++++ LISTED ENTRIES ++++

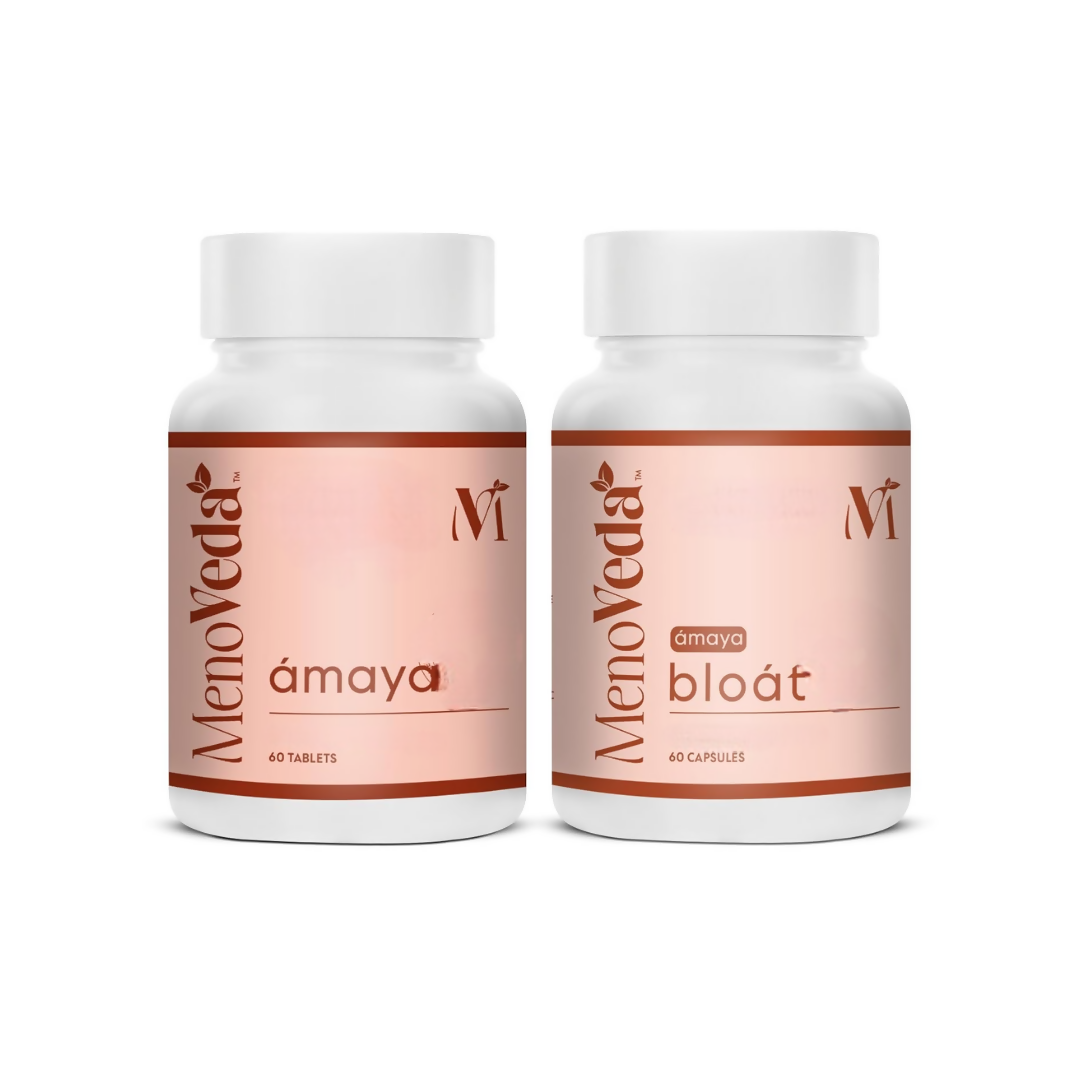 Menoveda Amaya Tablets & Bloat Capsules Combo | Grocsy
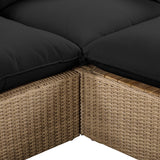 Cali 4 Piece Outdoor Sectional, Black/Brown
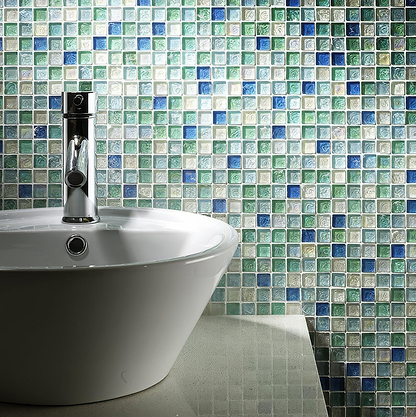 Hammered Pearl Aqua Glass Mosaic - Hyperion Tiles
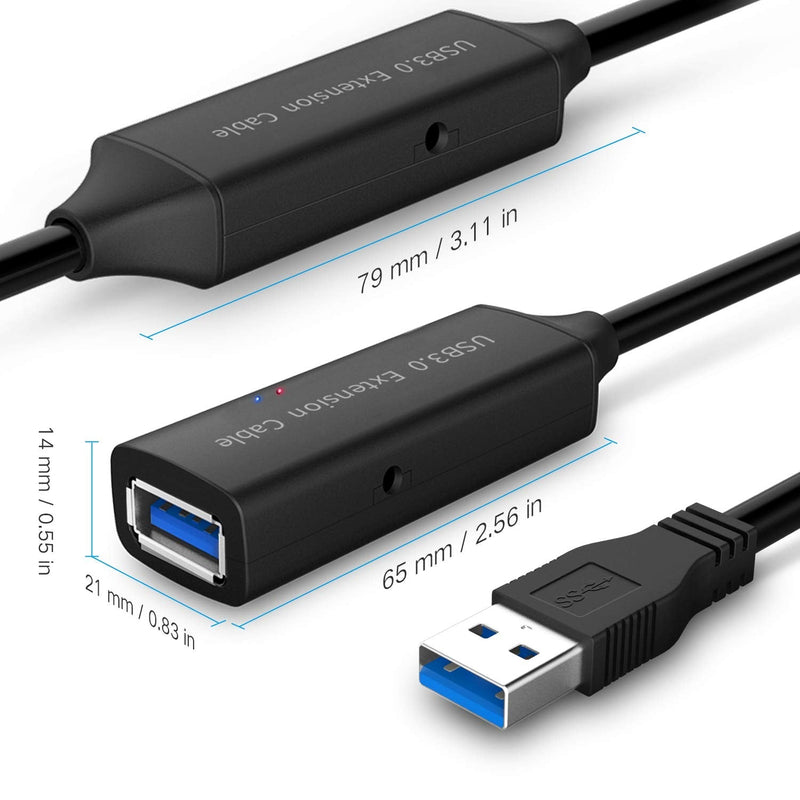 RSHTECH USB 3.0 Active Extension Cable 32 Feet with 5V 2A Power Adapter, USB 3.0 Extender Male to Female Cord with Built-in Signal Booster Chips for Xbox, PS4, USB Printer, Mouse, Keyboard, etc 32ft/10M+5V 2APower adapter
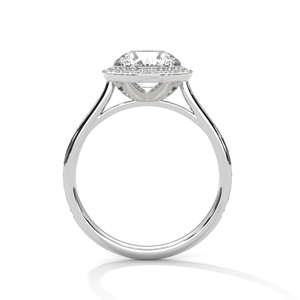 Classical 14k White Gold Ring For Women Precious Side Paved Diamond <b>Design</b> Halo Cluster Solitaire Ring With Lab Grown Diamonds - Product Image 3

++++

_TASK DESCRIPTION_:
Give back exactly the lines from the one containing "Cali 4 Piece Outdoor Sectional, Black/Brown" through the last line above, both included, and none of the pictures.

_SOLUTION_:
 Cali 4 Piece Outdoor Sectional, Black/Brown
 Hammered Pearl Aqua Glass Mosaic - Hyperion Tiles
 RSHTECH USB 3.0 Active Extension Cable 32 Feet with 5V 2A Power Adapter, USB 3.0 Extender Male to Female Cord with Built-in Signal Booster Chips for Xbox, PS4, USB Printer, Mouse, Keyboard, etc 32ft/10M+5V 2APower adapter
 Classical 14k White Gold Ring For Women Precious Side Paved Diamond <b>Design</b> Halo Cluster Solitaire Ring With Lab Grown Diamonds - Product Image 3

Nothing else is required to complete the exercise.